He called himself Antelope Charlie Belden and created a special logo. Fowden states that Belden “was filled with adventure and was challenged by the untried.” He liked being first at things and was “by-far his own best press agent.”
Lili Turnell said her grandfather considered the project a success because the antelope numbers increased, “and it allowed him to redistribute the antelope to new homes, while making a little money.” There were about 20 antelope on the ranch when they began; the numbers there eventually grew to 2,000.
At the turn of the last century, pronghorn populations were already falling precipitously. In 1905, the Legislature declared all wildlife property of the state. In 1906, pressure from poaching, harsh winters, coyotes and other predators led officials to estimate that only 2,000 pronghorn remained—the lowest Wyoming estimate ever.
As a result, antelope hunting was closed in Wyoming for most of the next 25 years. By the 1920s, it was clear that competition for forage from cattle and sheep also was limiting recovery of the herds. In 1927, hunting was again allowed. In 1929, hunters took 6,533 pronghorn, leaving a herd state game officials estimated at 26,625. A New York Times article in late October of that year called the harvest a slaughter, and compared it to the destruction of the buffalo. The season was closed again for three years in the early 1930s. By the middle of the decade antelope hunting was again allowed.

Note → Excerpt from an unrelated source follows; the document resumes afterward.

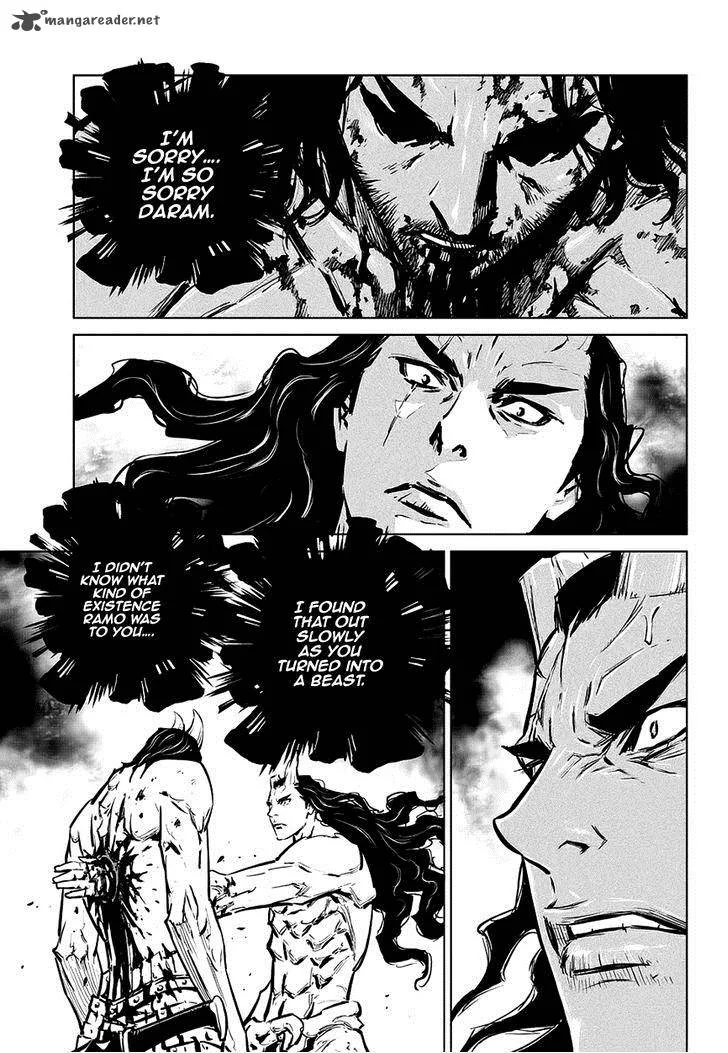 Mercenary Maruhan Chapter 67 page 4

Organizations of sports hunters worked with the U.S. Forest Service in those years to evaluate livestock grazing in several areas—“the beginning of public involvement in the use of public lands,” according to pronghorn management specialists Bart O’Gara and Jim Yoakum. In the mid-1930s, the state started paying landowners a small fee for each license for pronghorn harvested from their properties, a practice that continues today to help defray the cost of the antelope grazing on private land. Herd numbers in 2013 totaled more than 360,000.

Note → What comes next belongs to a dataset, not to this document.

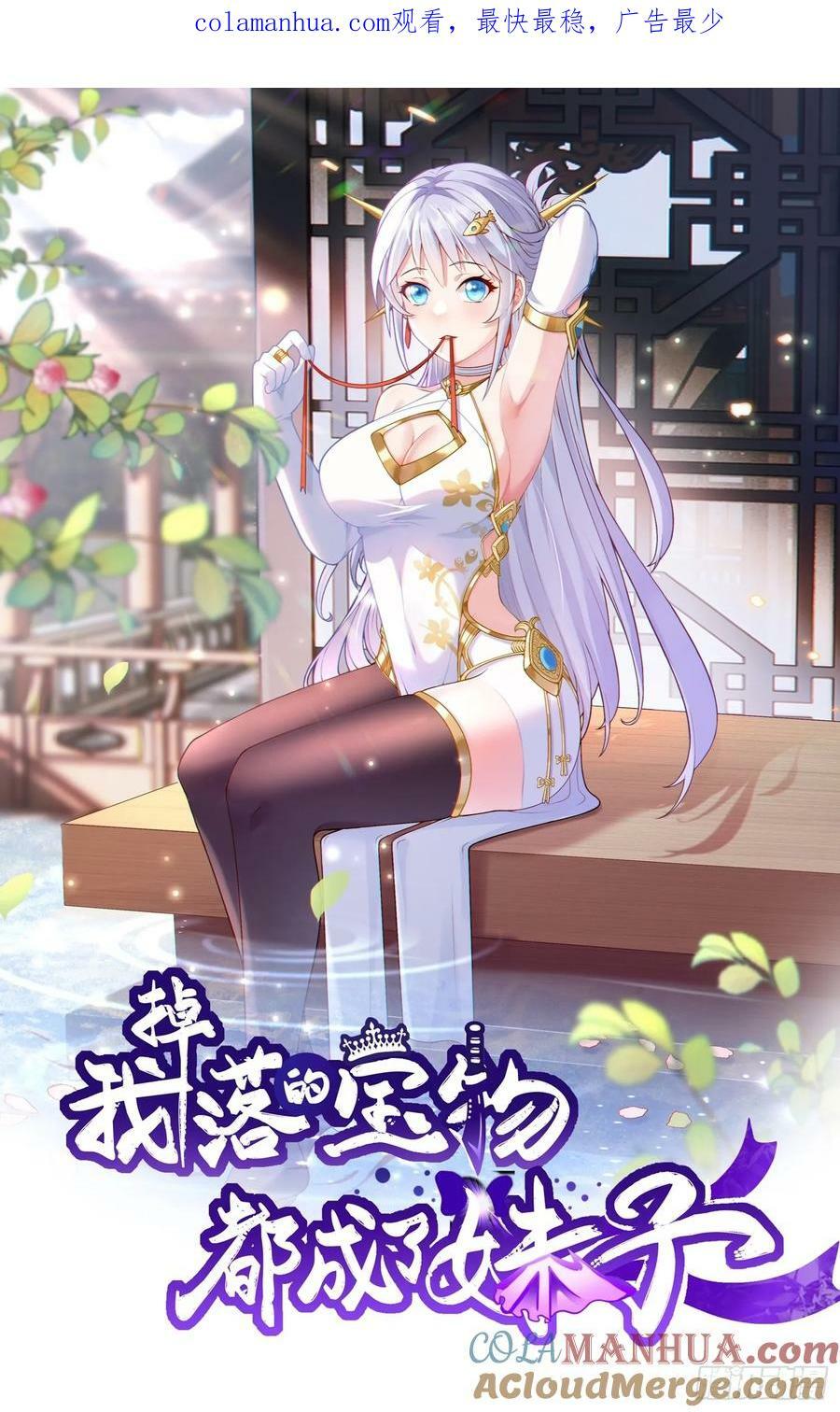 第31话 这个人妻有点香0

Western culture of interest worldwide
Belden’s photography and promotional skills also attracted celebrities: Humorist Will Rogers, aviator Amelia Earhart and movie stars Tim McCoy and Wallace Beery all came to the Pitchfork. Pilot Monday flew in the guests. Historian Rick Ewig explains, “National advertising of the wild west image, especially of a visual nature, helped Wyoming draw the tourist dollar during the 1920s and 1930s. One of the main practitioners of this was Charles Belden … .”
Following World War II, the Cowboy Club of Munich and the Westerners Corral in Paris formed, offering Europeans respite from the war years through participation in western cowboy culture. Belden photographed them as they rode horseback and twirled lassos, clad in traditional cowboy outfits, further expanding the reach of the lifestyle he knew and promoted.
Belden worked on assignment for magazines like National Geographic, Colliers and Life. Lili Turnell says that her grandfather was “not egotistical,” but “he did like that limelight and just promoting the western life.”
During his heyday, Belden toured the country, lecturing about the West and sharing stories of life on the ranch. He often wore cowboy attire, including a hat the Stetson company named the “The Belden.” He advertised Camel cigarettes. His photographs were used for Solitaire coffee ads, for restaurant menus and other commercial ventures. Belden became so famous, according to Lili, that the post office delivered a letter to him addressed only with a drawing of a man behind a camera wearing a cowboy hat next to a pitchfork and the word Wyoming. This delivery was noted on “Ripley’s Believe It or Not!”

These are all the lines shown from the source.